Given the following code:

L1     db    "word", 0

       mov   al, [L1]
       mov   eax, L1

What do the brackets in [L1] represent?

This question is specifically about NASM. The other major flavour of Intel-syntax assembly is MASM style, where brackets work differently when there's no register involved:
See Confusing brackets in MASM32

Lanna answered 8/1, 2010 at 20:4 Comment(1)
Note that brackets are weird and less simple in MASM : Confusing brackets in MASM32 Usually they mean dereference, but sometimes they're ignored. (And sometimes it dereferences even without brackets).Advanced
P
62

[L1] means the memory contents at address L1. After running mov al, [L1] here, The al register will receive the byte at address L1 (the letter 'w').

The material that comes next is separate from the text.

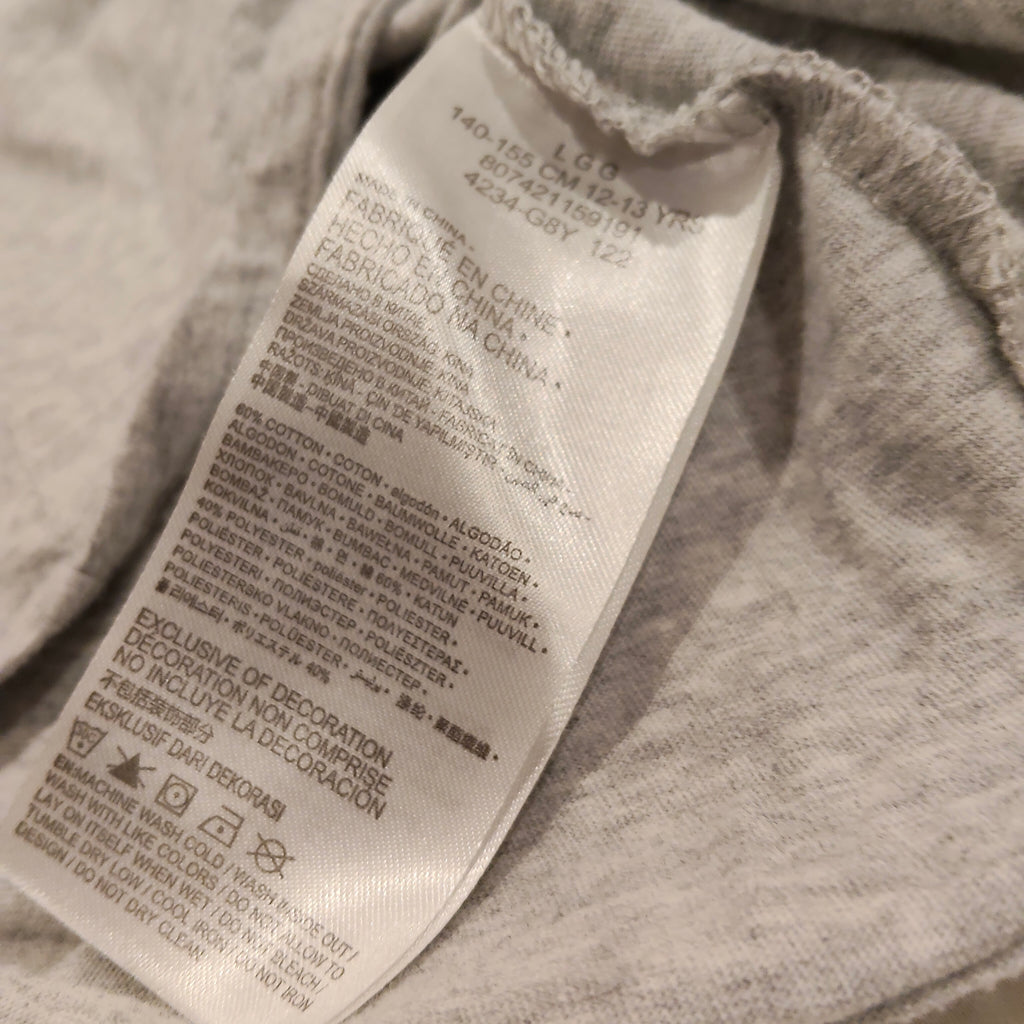 LEVIS Tee Size 12-13Y Girls Short Sleeve Grey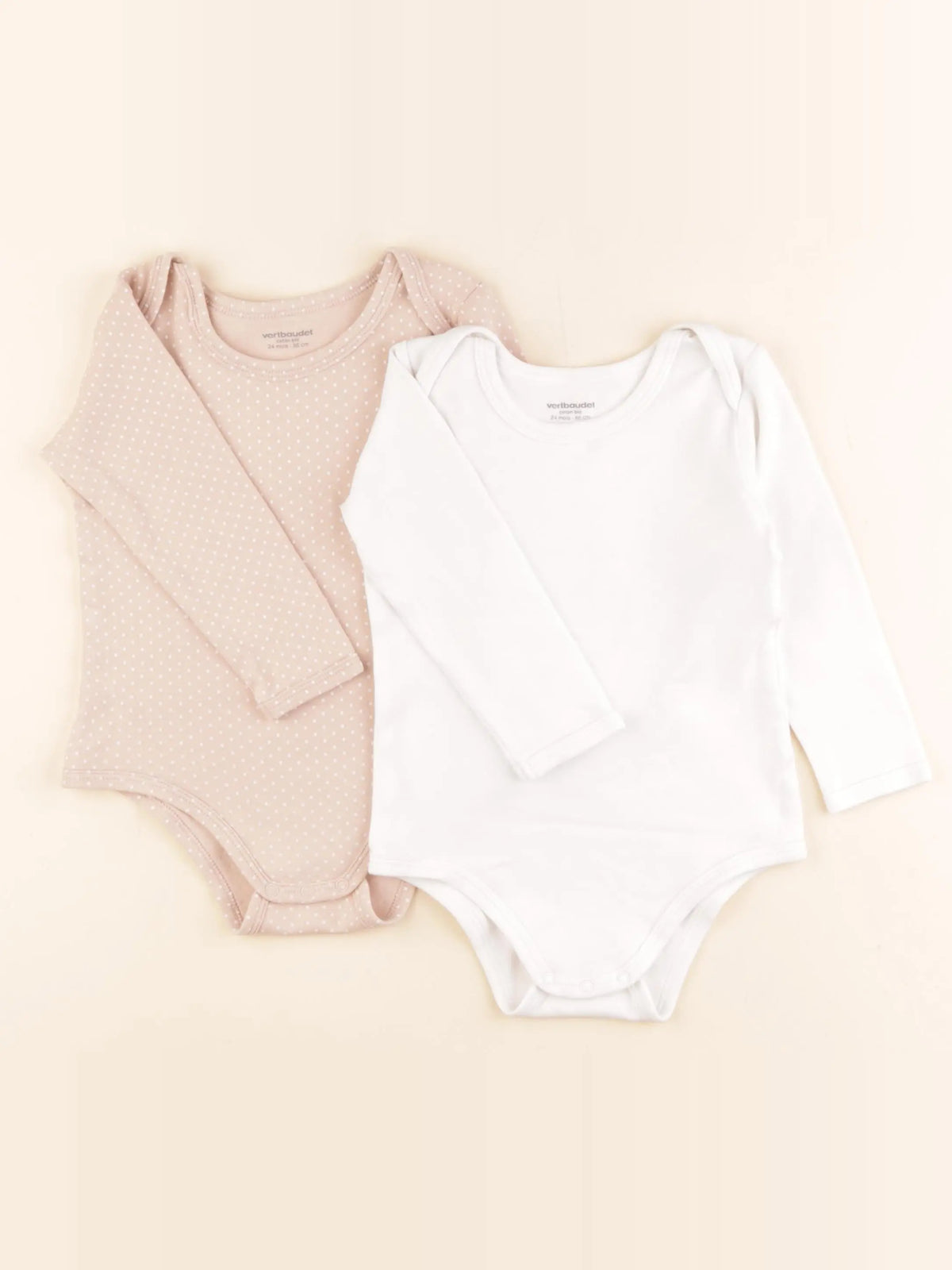 Vertbaudet - lot de 2 bodies en coton blanc, rose - 24 mois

Peculation answered 8/1, 2010 at 20:6 Comment(6)
Thanks for your reply, I am starting to learn asm. If I understand this correctly, "mov al, [L1]" would move 'w' into al, and "mov eax, L1" would move the address of L1 into eax. Is that correct?Lanna
yes. and if you did mov ebx,L1 -- mov al,[ebx] then al would be 'w' in that case too.Humerus
The exception to this is LEA.Gonzales
@interjay, So why is it that the brackets are not needed in the second line: mov eax, L1?Vinni
@Vinni It depends on the assembler you're using, but usually without the brackets it will get the memory address, not the contents.Peculation
@Pacerier: NASM/FASM assemble mov eax, L1 to mov eax, imm32 with the address. MASM / GAS (.intel_syntax noprefix) assemble that to a load, exactly the same as mov eax, [L1]. See Confusing brackets in MASM32. Some MASM users prefer to always use [] around memory references even when not required, but to mov reg, imm you need mov eax, OFFSET L1 in MASM/GAS-Intel syntax.Advanced
A
56

Operands of this type, such as [ebp], are called memory operands.

All the answers here are good, but I see that none tells about the caveat in following this as a rigid rule - if brackets, then dereference, except when it's the lea instruction.

lea is an exception to the above rule. Say we've

mov eax, [ebp - 4]

The value of ebp is subtracted by 4 and the brackets indicate that the resulting value is taken as an address and the value residing at that address is stored in eax. However, in lea's case, the brackets wouldn't mean that:

lea eax, [ebp - 4]

The value of ebp is subtracted by 4 and the resulting value is stored in eax. This instruction would just calculate the address and store the calculated value in the destination register. See What is the difference between MOV and LEA? for further details.

Armandoarmature answered 13/9, 2014 at 14:20 Comment(2)
The first link is dead. Here is a snapshot: web.archive.org/web/20180331051340/http://www.imada.sdu.dk/…Bartonbartosch
@Bartonbartosch Thanks for flagging the broken link! Fixed with a better link :)Armandoarmature
H
30

Simply means to get the memory at the address marked by the label L1.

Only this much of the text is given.